Jamie Reidy shares his friends’ annual Good Friday Tradition: a bar crawl to determine the Son of God’s adult beverage of choice.
Warning: Laughing at any of the following may cause eternal damnation.
I wish I’d thought of the idea. My mother is thankful I did not. But my friends in northern New Jersey ask an Easter weekend question that I find sinfully hilarious: What Would Jesus Drink?
The normal response is “wine.” But as the cock cock crows, Guinness, Smithwick’s, and Ketel One get votes.
My friend Maureen started this trek and is the engine that keeps it going. (Everybody appreciates her efforts, but, between you and me, there are grumblings that she’s made a martyr of herself over it.)
Here is this year’s “rally the masses” email, followed by some choice responses:
Christ, it’s that time again. Let’s just get to the crux of the matter: we have to try to figure out where Jesus would drink on Good Friday if he hadn’t been hung up at work, so to speak.

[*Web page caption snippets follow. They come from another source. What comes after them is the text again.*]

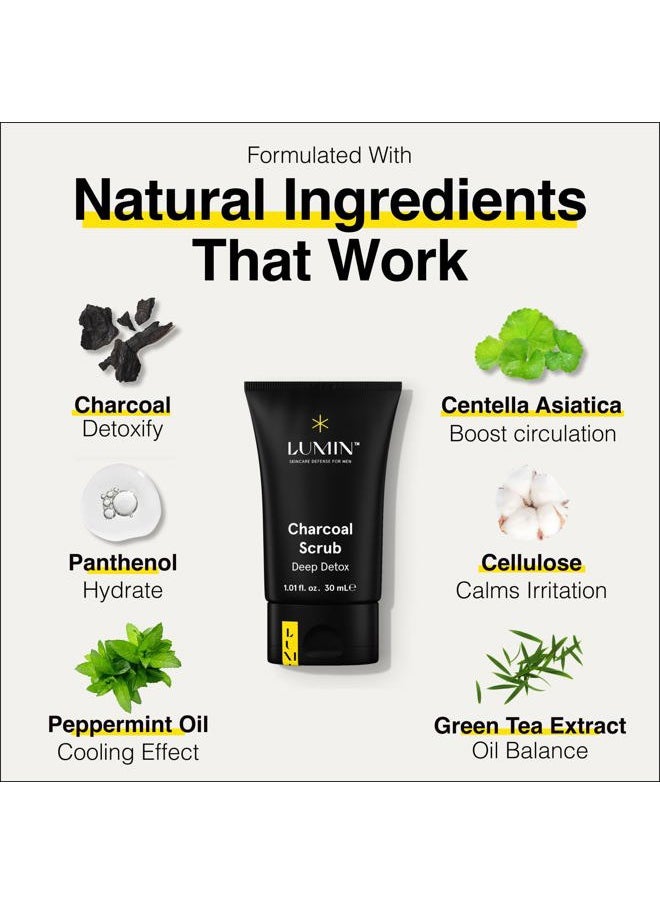 Charcoal Scrub Deep Detox for Men - Face Cleanser for Men, Pre Shave Scrub, A charcoal face exfoliator that refreshes & rejuvenates the skin, Suitable for all skin types, 30ml, 1-Pack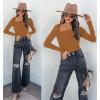 imageREORIA Womens Classy Asymmetrical Neck Long Sleeve Ribbed Slimming Thong Bodysuit TopsBrown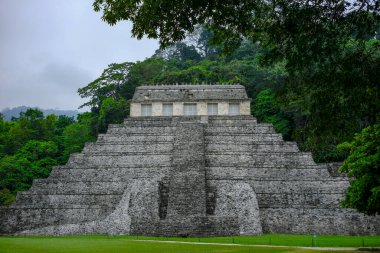 Palenque, Mexico - March 25, 2025: Temple of the Inscriptions at the Palenque archaeological site in Palenque, Chiapas, Mexico.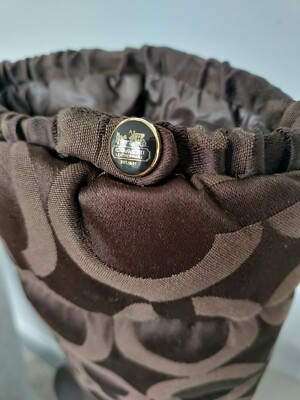COACH Loryn Signature Quilted High Heel Size 7.5 Brown Rain Boots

Now in the past we’ve gone to the White Horse Tavern, which is always fun, but some people have suggested going to Stone Street. To avoid having splinter groups (heh heh), maybe we can agree on a place. Mike Maxson thought Stone street would be full of Wall Street idiots on Good Friday, but someone else mentioned that it might be dead as a tomb. I will go with whatever the group decides.
Let me know if our paths will cross on Good Friday!
PS – If I have forsaken anyone please let me know.
Thanks for being a lamb and nailing down this itinerary. I know location was a thorny issue, but we all have our crosses to bear.
Still resurrecting the bad jokes…
I’m happy to make any sacrifice I can for my friends…
They better have Judas Priest on the jukebox this year.